| Your task |
Two lines mark the range in the entries below: the one holding "Legge til. 15268, f.75v" and the one holding "#CEO #CMO #SureCo https://t.co/pqsAoHRV9P". Set down those two and all lines between them, exactly.

● ● ● ● ● ● ●

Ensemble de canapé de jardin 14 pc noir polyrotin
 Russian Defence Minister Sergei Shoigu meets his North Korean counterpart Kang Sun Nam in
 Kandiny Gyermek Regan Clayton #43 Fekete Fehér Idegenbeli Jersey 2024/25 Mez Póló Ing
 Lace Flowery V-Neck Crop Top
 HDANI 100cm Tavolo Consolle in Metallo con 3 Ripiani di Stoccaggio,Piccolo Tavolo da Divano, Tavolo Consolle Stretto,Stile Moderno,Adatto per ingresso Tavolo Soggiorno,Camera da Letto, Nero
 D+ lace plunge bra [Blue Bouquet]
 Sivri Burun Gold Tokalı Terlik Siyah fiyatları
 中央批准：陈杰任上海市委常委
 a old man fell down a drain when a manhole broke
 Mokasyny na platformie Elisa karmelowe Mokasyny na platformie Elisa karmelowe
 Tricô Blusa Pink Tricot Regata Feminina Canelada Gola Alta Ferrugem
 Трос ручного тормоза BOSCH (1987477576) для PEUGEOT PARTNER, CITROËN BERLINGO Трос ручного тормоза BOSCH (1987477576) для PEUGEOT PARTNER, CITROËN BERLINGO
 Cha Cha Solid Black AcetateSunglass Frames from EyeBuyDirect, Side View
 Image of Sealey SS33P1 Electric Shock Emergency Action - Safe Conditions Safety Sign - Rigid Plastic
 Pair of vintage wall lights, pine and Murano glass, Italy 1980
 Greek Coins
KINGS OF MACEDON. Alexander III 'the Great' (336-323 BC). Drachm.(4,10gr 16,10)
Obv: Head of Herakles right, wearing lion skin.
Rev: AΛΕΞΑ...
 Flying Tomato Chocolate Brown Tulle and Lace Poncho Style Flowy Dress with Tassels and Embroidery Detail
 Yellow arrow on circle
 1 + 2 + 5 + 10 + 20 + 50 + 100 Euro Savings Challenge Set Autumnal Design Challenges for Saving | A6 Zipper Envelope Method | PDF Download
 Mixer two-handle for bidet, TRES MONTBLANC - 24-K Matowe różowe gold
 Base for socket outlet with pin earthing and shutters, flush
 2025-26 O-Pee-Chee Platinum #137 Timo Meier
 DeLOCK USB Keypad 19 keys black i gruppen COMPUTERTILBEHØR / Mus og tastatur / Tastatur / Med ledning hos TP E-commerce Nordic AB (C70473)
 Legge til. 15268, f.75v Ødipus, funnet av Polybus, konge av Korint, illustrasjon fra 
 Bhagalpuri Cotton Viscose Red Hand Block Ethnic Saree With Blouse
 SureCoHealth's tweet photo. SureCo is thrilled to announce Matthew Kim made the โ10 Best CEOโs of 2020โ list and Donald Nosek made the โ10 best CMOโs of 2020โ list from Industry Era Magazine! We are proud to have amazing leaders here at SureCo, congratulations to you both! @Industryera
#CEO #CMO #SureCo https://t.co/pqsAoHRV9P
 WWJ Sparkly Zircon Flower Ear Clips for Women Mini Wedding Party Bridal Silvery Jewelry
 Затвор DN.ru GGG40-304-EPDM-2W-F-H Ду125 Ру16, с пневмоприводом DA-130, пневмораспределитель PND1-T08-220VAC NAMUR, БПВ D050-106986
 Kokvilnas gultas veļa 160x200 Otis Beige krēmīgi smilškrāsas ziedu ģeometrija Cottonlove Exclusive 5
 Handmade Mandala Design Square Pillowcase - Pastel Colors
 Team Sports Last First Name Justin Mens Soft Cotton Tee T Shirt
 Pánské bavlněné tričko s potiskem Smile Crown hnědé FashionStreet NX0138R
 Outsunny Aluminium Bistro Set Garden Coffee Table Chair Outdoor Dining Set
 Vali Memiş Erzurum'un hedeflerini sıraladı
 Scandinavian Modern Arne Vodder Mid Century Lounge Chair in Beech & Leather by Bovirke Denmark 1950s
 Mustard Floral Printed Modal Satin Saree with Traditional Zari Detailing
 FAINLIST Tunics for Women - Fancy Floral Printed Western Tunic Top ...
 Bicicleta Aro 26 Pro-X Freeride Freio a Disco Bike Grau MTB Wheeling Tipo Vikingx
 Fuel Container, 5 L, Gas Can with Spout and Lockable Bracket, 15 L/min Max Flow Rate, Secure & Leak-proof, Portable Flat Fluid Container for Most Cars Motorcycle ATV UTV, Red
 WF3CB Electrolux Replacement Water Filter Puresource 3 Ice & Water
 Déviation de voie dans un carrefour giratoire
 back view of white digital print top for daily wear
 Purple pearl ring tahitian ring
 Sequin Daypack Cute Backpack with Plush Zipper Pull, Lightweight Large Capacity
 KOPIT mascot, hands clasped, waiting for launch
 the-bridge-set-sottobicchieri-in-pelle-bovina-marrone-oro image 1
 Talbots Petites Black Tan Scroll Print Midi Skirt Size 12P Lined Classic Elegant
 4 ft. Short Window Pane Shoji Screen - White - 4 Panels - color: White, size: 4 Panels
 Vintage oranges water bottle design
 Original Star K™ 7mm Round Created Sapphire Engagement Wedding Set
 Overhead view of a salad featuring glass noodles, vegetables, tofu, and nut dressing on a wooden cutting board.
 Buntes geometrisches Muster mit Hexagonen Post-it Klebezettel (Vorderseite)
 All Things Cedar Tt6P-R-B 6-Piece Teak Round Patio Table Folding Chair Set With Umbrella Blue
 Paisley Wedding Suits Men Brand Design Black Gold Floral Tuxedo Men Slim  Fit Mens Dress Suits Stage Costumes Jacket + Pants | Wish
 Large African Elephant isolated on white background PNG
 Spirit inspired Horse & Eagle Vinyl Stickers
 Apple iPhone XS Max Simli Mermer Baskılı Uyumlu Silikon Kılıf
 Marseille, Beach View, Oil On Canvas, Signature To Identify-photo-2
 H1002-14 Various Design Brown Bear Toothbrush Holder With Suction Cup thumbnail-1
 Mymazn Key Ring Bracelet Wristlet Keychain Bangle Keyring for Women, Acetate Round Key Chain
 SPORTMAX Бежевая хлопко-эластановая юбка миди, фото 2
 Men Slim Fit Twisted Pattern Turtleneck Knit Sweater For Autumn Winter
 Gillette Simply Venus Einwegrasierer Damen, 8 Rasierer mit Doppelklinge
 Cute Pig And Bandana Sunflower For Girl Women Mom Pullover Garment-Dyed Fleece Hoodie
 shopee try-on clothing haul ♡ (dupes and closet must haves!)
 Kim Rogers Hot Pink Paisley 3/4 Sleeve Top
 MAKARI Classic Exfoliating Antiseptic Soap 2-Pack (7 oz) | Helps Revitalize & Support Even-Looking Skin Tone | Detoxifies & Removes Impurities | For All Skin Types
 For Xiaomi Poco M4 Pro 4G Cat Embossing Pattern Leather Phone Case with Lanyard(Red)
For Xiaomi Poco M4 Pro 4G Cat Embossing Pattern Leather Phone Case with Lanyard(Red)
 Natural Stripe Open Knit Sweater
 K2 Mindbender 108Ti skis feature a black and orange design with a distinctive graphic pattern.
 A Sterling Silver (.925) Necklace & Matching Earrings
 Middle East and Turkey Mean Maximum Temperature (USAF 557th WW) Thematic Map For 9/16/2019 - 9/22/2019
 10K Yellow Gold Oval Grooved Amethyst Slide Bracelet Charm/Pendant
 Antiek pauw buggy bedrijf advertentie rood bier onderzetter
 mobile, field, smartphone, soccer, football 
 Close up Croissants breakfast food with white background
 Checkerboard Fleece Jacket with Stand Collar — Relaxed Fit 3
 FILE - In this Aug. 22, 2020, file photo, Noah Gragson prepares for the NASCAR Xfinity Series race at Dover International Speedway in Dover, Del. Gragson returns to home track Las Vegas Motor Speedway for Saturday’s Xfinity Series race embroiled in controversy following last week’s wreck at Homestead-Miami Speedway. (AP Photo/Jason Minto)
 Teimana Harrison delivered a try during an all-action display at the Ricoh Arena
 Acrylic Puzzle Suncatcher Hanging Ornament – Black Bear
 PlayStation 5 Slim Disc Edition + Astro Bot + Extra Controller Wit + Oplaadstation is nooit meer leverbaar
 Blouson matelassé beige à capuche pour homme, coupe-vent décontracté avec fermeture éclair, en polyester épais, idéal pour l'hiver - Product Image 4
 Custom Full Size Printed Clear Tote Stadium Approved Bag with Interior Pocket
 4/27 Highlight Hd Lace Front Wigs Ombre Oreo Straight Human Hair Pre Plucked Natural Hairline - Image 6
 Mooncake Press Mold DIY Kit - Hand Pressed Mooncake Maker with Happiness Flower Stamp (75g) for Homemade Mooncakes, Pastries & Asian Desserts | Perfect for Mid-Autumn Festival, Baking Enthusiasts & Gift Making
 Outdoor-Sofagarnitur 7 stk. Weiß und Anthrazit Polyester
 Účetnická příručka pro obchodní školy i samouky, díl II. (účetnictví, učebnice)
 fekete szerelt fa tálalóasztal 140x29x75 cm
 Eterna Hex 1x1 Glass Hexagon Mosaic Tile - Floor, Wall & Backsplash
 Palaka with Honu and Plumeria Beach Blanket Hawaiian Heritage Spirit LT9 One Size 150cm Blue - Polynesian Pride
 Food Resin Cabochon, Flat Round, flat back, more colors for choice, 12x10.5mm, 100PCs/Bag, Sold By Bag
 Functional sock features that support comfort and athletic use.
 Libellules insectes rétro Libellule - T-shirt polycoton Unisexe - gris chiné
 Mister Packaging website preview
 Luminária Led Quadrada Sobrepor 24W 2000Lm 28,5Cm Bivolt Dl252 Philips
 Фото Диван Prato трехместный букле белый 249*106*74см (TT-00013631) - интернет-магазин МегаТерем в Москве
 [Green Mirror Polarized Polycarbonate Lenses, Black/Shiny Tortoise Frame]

● ● ● ● ● ● ●

| Exercise solution |
 Legge til. 15268, f.75v Ødipus, funnet av Polybus, konge av Korint, illustrasjon fra 
 Bhagalpuri Cotton Viscose Red Hand Block Ethnic Saree With Blouse
 SureCoHealth's tweet photo. SureCo is thrilled to announce Matthew Kim made the โ10 Best CEOโs of 2020โ list and Donald Nosek made the โ10 best CMOโs of 2020โ list from Industry Era Magazine! We are proud to have amazing leaders here at SureCo, congratulations to you both! @Industryera
#CEO #CMO #SureCo https://t.co/pqsAoHRV9P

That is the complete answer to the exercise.